Sağlık turizminde bu konseptin büyük kentlerde uygulandığını ama Rize’ye daha uygun olduğunu söyleyen Çeber şöyle devam etti:
Burada daha çok fiyat, zira bizim sermayemiz ve coğrafyamız çok güçlü. Yalnızca örneğin Huser’de bulut denizinin üzerindeki salıncağın fotoğrafı, örneğin Pokut’taki kahvaltı masasından sivri uzanan dağın fotoğrafı, örneğin Kıble Dağı’nın sislerinin üzerindeki bir fotoğrafı, Ovit’te bir kayak, Kaçkarlar’da bir heliski fotoğrafını gören bir yabancının Rize’ye konuk olmama üzere bir talihi yok.
Eğer o imkanı varsa gelir, hem o turizm faaliyetinden istifade eder hem de saç ekimiyse saç ekimi, öteki ihtiyaçsa, sıhhat gereksinimiyse onu yapar. Hatta muhtaçlığı olanların hizmetine sunabileceğimiz termal imkanlarımız da var. Hem Ridos’ta hem Çamlıhemşin’de, oralardan da istifade edebilir.
“Nitelikli sıhhat hizmeti vermeyle yetinmeyeceğiz”
Zaten biliyorsunuz yani, hastalık sürecinde rehabilitasyon ve moral son derece kıymetli. Burada da bulabilecekleri en pak hava, en hoş görünümler, en âlâ hazırlanma imkanları. Biz hastanemizde yalnızca ilimiz ve bölgemiz insanına çok nitelikli sıhhat hizmeti vermeyle yetinmeyeceğiz.

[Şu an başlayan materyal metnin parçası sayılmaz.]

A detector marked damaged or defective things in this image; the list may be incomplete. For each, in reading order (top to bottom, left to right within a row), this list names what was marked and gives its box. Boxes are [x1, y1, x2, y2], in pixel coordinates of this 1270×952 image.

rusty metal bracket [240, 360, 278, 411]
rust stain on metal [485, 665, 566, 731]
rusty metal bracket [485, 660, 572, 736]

Birebir vakitte bunlara da talibiz, talip olacağız. Aslında çok hoş bir hastane projemiz var, yani orada da havalimanımız üzere, nitelikti 850 yatak olacak. Niteliki yatak dediğimiz; herkesin kendi odası, her biçime girebilen yatak, odada alabileceği her türlü televizyondan buzdolabına bir otelde alabileceği her türlü hizmet.
“Bütün odalar denizi görecek”
Eğer çok mecbur kalırsak, biz o nitelikli yataklı odaları sıkıştırarak 1300-1400 yataklı bir hastaneye de dönüştürebileceğimiz bir imkan, düşünün her odasından denizi göreceksiniz.

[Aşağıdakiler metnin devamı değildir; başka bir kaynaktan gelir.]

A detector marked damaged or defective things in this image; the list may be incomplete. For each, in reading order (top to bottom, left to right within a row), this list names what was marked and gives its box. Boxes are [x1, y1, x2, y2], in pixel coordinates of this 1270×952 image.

Projemiz o denli. Bütün odalar denizi görecek. Anı vakitte bir eğitim-araştırma hastanesi olacağı için akademisyenlerimiz için de odalar sınıflar, derslikler, labaratuvarlar, büyük konferans salonları olacak. Yeniden çok hoş bir bahçesi ve rekreasyon alanı, orada da bol bol çay yaprağı figürleri, çay bardağı figürleri ve hastanemizin dışı da yöre mimarisini yansıtacak.

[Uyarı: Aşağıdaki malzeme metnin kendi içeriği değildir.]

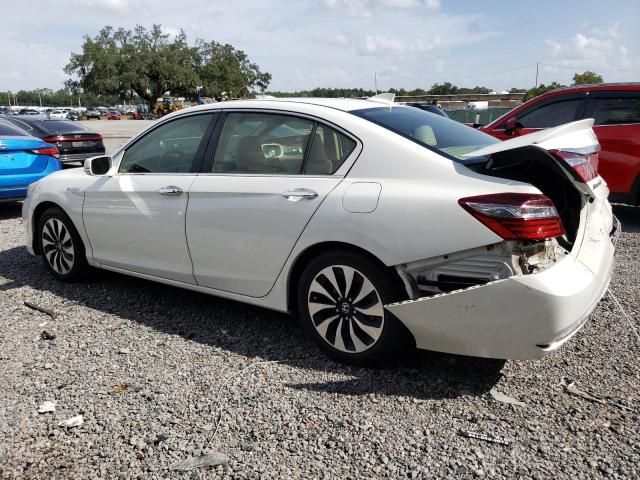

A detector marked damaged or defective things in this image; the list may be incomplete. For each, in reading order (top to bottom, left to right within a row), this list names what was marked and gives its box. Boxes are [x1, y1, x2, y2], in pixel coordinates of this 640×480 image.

Rize’ye havayolula gelen bir insan, 2-3 yıl sonra İyidere Lojistik Limanında başlayacak biçimde yöre mimarisine ve coğrafyasına uygun yapıları görerek gelecek. Lojistik limanı o denli olacak, Rize merkezdeki şu anda üretimi devam eden Millet Parkı Çay Çarşısı’yla bütünleşerekten o denli olacak. Peşinden hastanemiz o denli olacak ve peşinden havalimanımız. Bunları görerek gelecek. Yani Rize’nin etrafı de değişecek. Herkes de bunu görecek zati.”